The platform is designed to give users a more comprehensive understanding of the threat landscape and more intelligent insights into attacks. It leverages the extensive knowledge base of Mandiant, the cybersecurity company Google acquired in 2022. Google aims to differentiate Google Threat Intelligence through the combination of expertise and AI.

“Generally speaking, I think it’s fantastic that companies are branching out to see how they can best use AI to supplement existing products and improve their efficiency and efficacy,” said Kevin Libby, Fraud and Security Analyst at Javelin Strategy & Research. “I fully expect Google will be able to add value to its cybersecurity toolset using AI. Given the amount of data available to the company, they’re in a good position to root out malicious attacks that could undermine their efforts.”

Diligent Supervision

Google Threat Intelligence uses the Gemini 1.5 Pro large language model which speeds the detection and reversal engineering of malware attacks.
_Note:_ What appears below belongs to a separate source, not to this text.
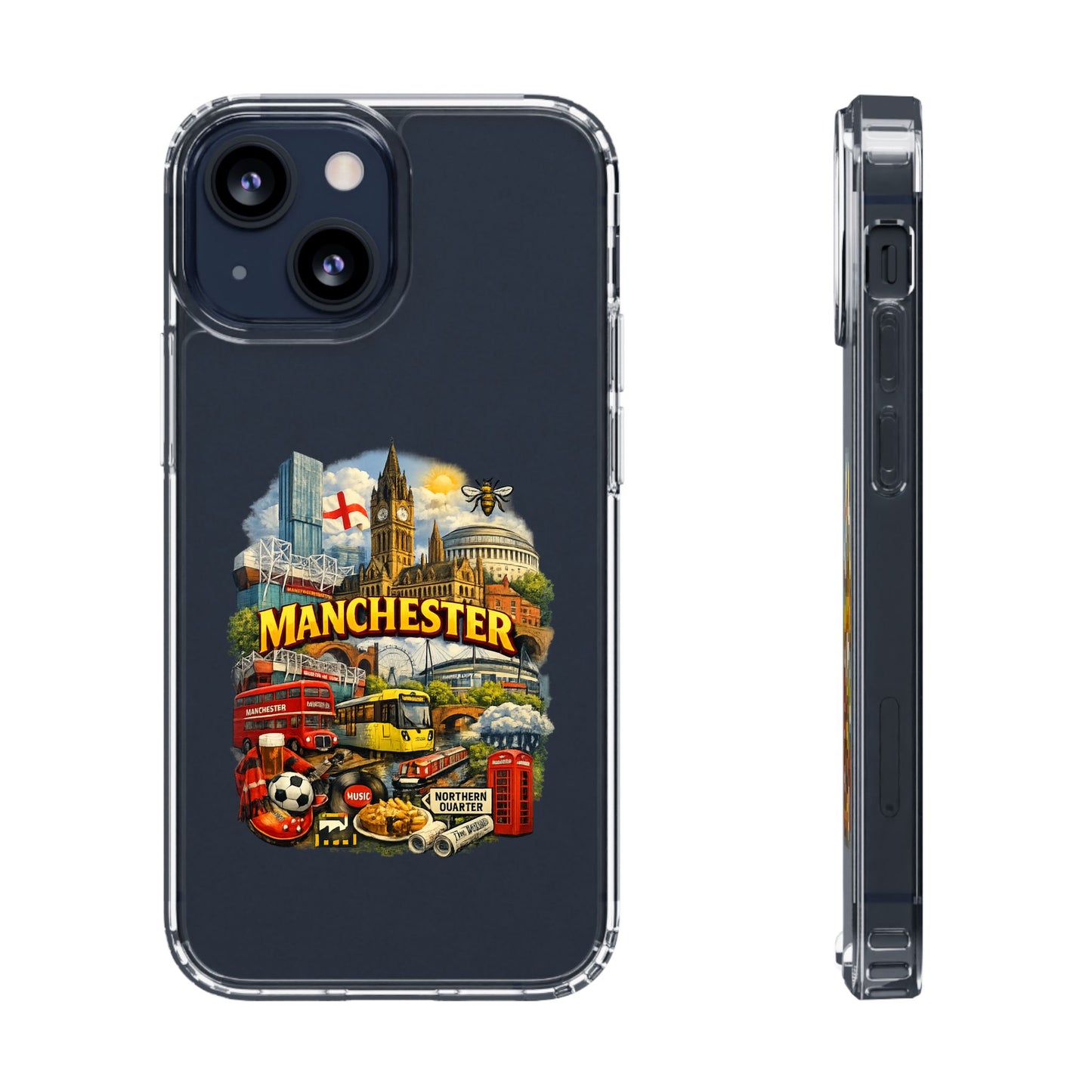 Manchester Landmark Clear Phone Case — Cityscape Collage Design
The company tested the software’s ability to combat the virus behind the 2017 WannaCry ransomware attacks and Gemini identified and neutralized the virus in 34 seconds.

But a single success might not mean the software is ready for widescale deployment.

“I would caution that exploring new use cases for AI requires diligent supervision and testing before product enhancements can be responsibly released into the wild,” Libby said. “AI systems don’t always fully understand the context of the problem sets to which they’re applied, they sometimes hallucinate, and they’ve been known to make errors uncommon to subject matter experts working alongside the tools.”

A Crowded Field

Gemini can automatically crawl the web and distill decades of threat reports in seconds, according to Google. The tech giant has a massive ecosystem of data to draw from, but it’s still not immediately clear what differentiates Threat Intelligence in a very crowded field. Microsoft, for example, has its own AI-backed cybersecurity platform, Copilot for Security.

By and large, the cybersecurity industry is growing in leaps and bounds—the market is expected to reach roughly $425 billion by 2030. As fraud becomes more frequent and more complex, cybersecurity will continue to be top of mind for companies. The shift to more potent protection is increasingly necessary as bad actors often employ AI as well.

“With proper supervision, assurance management, and auditing of outputs, I’m confident AI will prove itself valuable to the ends Google is after,” Libby said. “Reverse engineering of malicious code and summarizing threat intelligence into easy-to-read natural language are both use cases for which AI has proven itself effective.”